Into the Night

Into the Night by Cynthia Eden




PROLOGUE

THE LIGHT WAS in her eyes, blinding her. Macey Night couldn’t see past that too bright light. She was strapped onto the operating room table, but it wasn’t the straps that held her immobile.

He’d drugged her.

“I could stare into your eyes forever.” His rumbling voice came from behind the light. “So unusual, but then, you realize just how special you are, right, Dr. Night?”

She couldn’t talk. He’d gagged her. They were in the basement of the hospital, in a wing that hadn’t been used for years. Or at least, she’d thought it hadn’t been used. She’d been wrong. About so many things.

“Red hair is always rare, but to find a redhead with heterochromia...it’s like I hit the jackpot.”

A tear leaked from her eye.

“Don’t worry. I’ve made sure that you will feel everything that happens to you. I just—well, the drugs were to make sure that you wouldn’t fight back. That’s all. Not to impair the experience for you. Fighting back just ruins everything. I know what I’m talking about, believe me.” He sighed. “I had a few patients early on—they were special like you. Well, not quite like you, but I think you get the idea. They fought and things got messy.”

A whimper sounded behind her gag because he’d just taken his scalpel and cut her on the left arm, a long, slow slice from her inner wrist all the way up to her elbow.

“How was that?” he asked her. His voice was low, deep.

Nausea rolled in her stomach. Nausea from fear, from the drugs, from the absolute horror of realizing she’d been working with a monster and she hadn’t even realized it. Day in and day out, he’d been at her side. She’d even thought about dating him. Thought about having sex with him. After all, Daniel Haddox was the most respected doctor at the hospital. At thirty-five, he’d already made a name for himself. He was the best surgeon at Hartford General Hospital, everyone said so.

He was also, apparently, a sadistic serial killer.

And she was his current victim.

All because I have two different-colored eyes. Two fucking different colors.

“I’ll start slowly, just so you know what’s going to happen.” He’d moved around the table, going to her right side now. “I keep my slices light at first. I like to see how the patient reacts to the pain stimulus.”

I’m not a patient! Nothing is wrong with me! Stop! Stop!

But he’d sliced her again. A mirror image of the wound he’d given her before, a slice on her right arm that began at her inner wrist and slid all the way up to her elbow.

“Later, the slices will get deeper. I have a gift with the scalpel, haven’t you heard?” He laughed—it was a laugh that she knew too many women had found arousing. Dr. Haddox was attractive, with black hair and gleaming blue eyes. He had perfect white teeth, and the kind of easy, good-looking features that only aged well.

Doesn’t matter what he looks like on the outside. He’s a monster.

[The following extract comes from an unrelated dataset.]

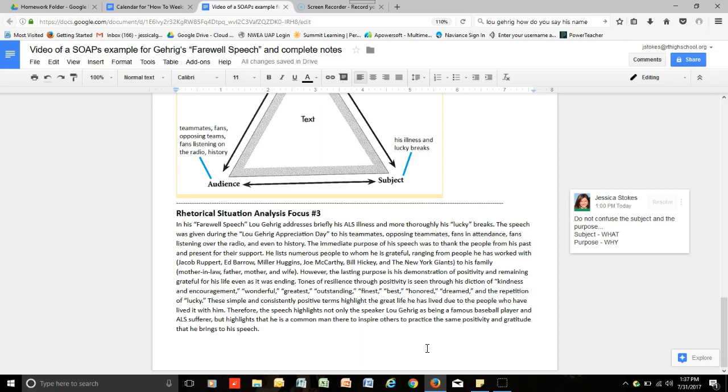So when you attend class, your first day of class, you will be completing a SOAPS analysis and also a rhetorical triangle analysis on a speech, which will be provided to you on that day. So please make sure that you come to class with your notes and ready to complete these rhetorical situation analyses and write a resulting paragraph from that analysis. All right. See you then. Bye.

“Every time I work on a patient, I wonder...what is it like without the anesthesia?”

Sick freak.

“But not just any patient works for me. I need the special ones.” He moved toward her face and she knew he was going to slice her again. He lifted the scalpel and pressed it to her cheek.

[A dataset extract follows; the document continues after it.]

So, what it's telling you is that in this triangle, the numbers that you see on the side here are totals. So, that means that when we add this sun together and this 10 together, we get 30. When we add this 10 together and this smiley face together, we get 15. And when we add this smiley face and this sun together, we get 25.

The fingers on her right hand jerked.

Wait—did I do that? Had her hand jerked just because of some reflex or were the drugs wearing off? He’d drugged her when she’d first walked into the basement with him. Then he’d undressed her, put her on the operating table, and strapped her down. But before he could touch her anymore, he’d been called away. The guy had gotten a text and rushed off—to surgery. To save a patient. She wasn’t even sure how long he’d been gone. She’d been trapped on that operating table, staring up at the bright light the whole time he’d been gone. In her mind, she’d been screaming again and again for help that never came.

“You and I are going to have so much fun, and those beautiful eyes of yours will show me everything that you feel.” He paused. “I’ll be taking those eyes before I’m done.”

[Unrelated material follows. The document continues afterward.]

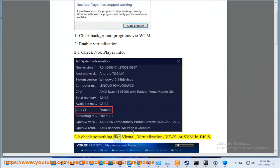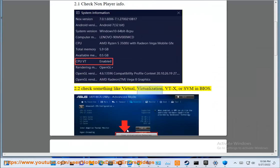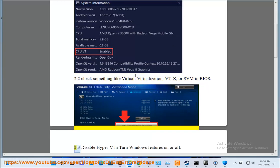Step 2.2: Check something like virtual, virtualization, VTX, or SVM in BIOS.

Her right hand moved again. She’d made it move. The drugs he’d given her were wearing off. His mistake. She often responded in unusual ways to medicine. Hell, that was one of the reasons she’d gone into medicine in the first place. When she was six, she’d almost died after taking an over-the-counter children’s pain medication. Her body processed medicines differently. She’d wanted to know why. Wanted to know how to predict who would have adverse reactions after she’d gone into cardiac arrest from a simple aspirin.

It’s not just my eyes that are different. I’m different.

But her mother...her mother had been the main reason for her drive to enter the field of medicine. Macey had been forced to watch—helplessly—as cancer destroyed her beautiful mother. She’d wanted to make a change after her mother’s death. She’d wanted to help people.

I never wanted to die like this!

But now she could move her left hand. Daniel wasn’t paying any attention to her fingers, though. He was holding that scalpel right beneath her eye and staring down at her. She couldn’t see his face. He was just a blur of dots—courtesy of that bright light.